Les témoignages de jeunes glacent le sang. Ils sont nombreux à confesser, à la caméra, avoir fait de la vitesse, de la haute, de la très haute vitesse. Un jeune qui venait de dire à Arcand avoir déjà roulé à 165 km/h dans une zone de 90, après quelques sous-questions, a confessé un autre «exploit» au documentariste: jusqu'à 240 km/h, une fois...

Le film cible les jeunes. Mais il nous rappelle que l'enjoliveur de roue ne tombe jamais loin de l'arbre de transmission. Je parle évidemment du rôle des parents dans la transmission de la culture de témérité routière à leurs enfants. En demi-teinte, Dérapages cible aussi les parents: nombre de jeunes qui témoignent disent avoir été passagers dans une voiture faisant des excès de vitesse... Papa était au volant.

«Je trouve d'ailleurs que le film s'adresse jusqu'à un certain point davantage aux parents qu'aux jeunes», m'a dit Jean-Marie De Koninck, fondateur d'Opération Nez rouge, président de la Table de la sécurité routière du Québec et (accessoirement!) prof au Département de mathématiques et de statistiques de l'Université Laval. L'efficacité de Dérapages se manifeste surtout dans les nombreux témoignages de jeunes, note le professeur. «Il n'y a rien comme les témoignages de jeunes pour arriver à communiquer de manière efficace à d'autres jeunes.»

Pendant des années, le Québec a été un cancre en matière de lutte contre la délinquance routière, à l'échelle occidentale. Puis, pour l'année 2011, le bilan québécois a montré une cinquième amélioration globale consécutive. Soudainement, le Québec est passé en tête du peloton canadien, avec ses (désormais) 6 morts par 100 000 habitants, juste derrière le leader ontarien et ses 4,1 morts par 100 000 habitants. Le nombre de blessés a aussi chuté. Une révolution.

Mais dans cette amélioration notable, il y a le danger de tomber dans une somnolence collective triomphaliste. «J'ai récemment animé le colloque annuel de chercheurs en sécurité routière, me dit le prof De Koninck.
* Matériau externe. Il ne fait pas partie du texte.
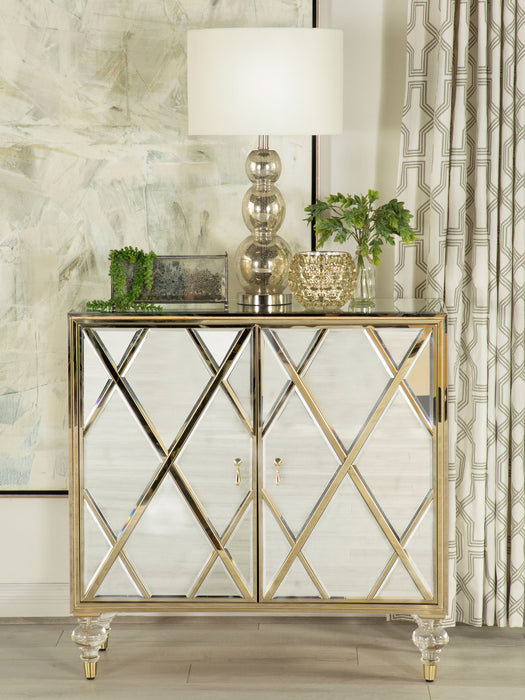 Astilbe 2-door Accent Cabinet Mirror and Champagne - U&U Home Budget Furniture (Carteret, NJ)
L'un d'eux a résumé ainsi le problème du bilan routier québécois: il s'améliore sans cesse, depuis cinq ans!» Une boutade, évidemment, pour illustrer que plutôt que de se satisfaire de l'amélioration annuelle, il faut viser à briller parmi les meilleurs.

Les meilleurs? La Suède, par exemple, note Jean-Marie De Koninck, et ses 2,8 morts par 100 000 habitants. «Le taux d'alcoolémie permis y est de 0,02 et si vous commandez une bière au restaurant, le serveur doit vous demander si vous conduisez...»

Bien sûr, en lisant cela - 0,02 mg d'alcool dans le sang, MAX! -, vous serez des milliers à dire que De Koninck exagère. Non, justement. Comme un tas de choses, le rapport d'un peuple avec le volant, c'est une affaire de culture. Après des années à se tuer plus que plusieurs autres Occidentaux sur nos routes, celles-ci sont en train de se pacifier. Parce que la culture est en train de changer, les Québécois acceptent de plus en plus les entraves imposées aux fous du volant (voyez le taux d'acceptation des radars photo: 82% en 2007, à l'annonce du premier projet-pilote).

Les jeunes qui se tuent et se blessent encore trop, sur nos routes, ce sont les rejetons de cette culture traditionnellement permissive devant les bêtises du volant. Jean-Marie De Koninck a espoir de voir l'attitude des jeunes comme ceux décrits dans Dérapages changer, au fil des années. La culture change, les pères et les mères roulent dans cette culture. On peut penser que leurs enfants les imiteront...

Un jour, j'en suis sûr, nous nous souviendrons du «0,08» avec le même effarement que quand on se remémore qu'il y a 30, 35 ans, on offrait «un dernier drink pour la route» aux invités du party du jour de l'An. Question de culture.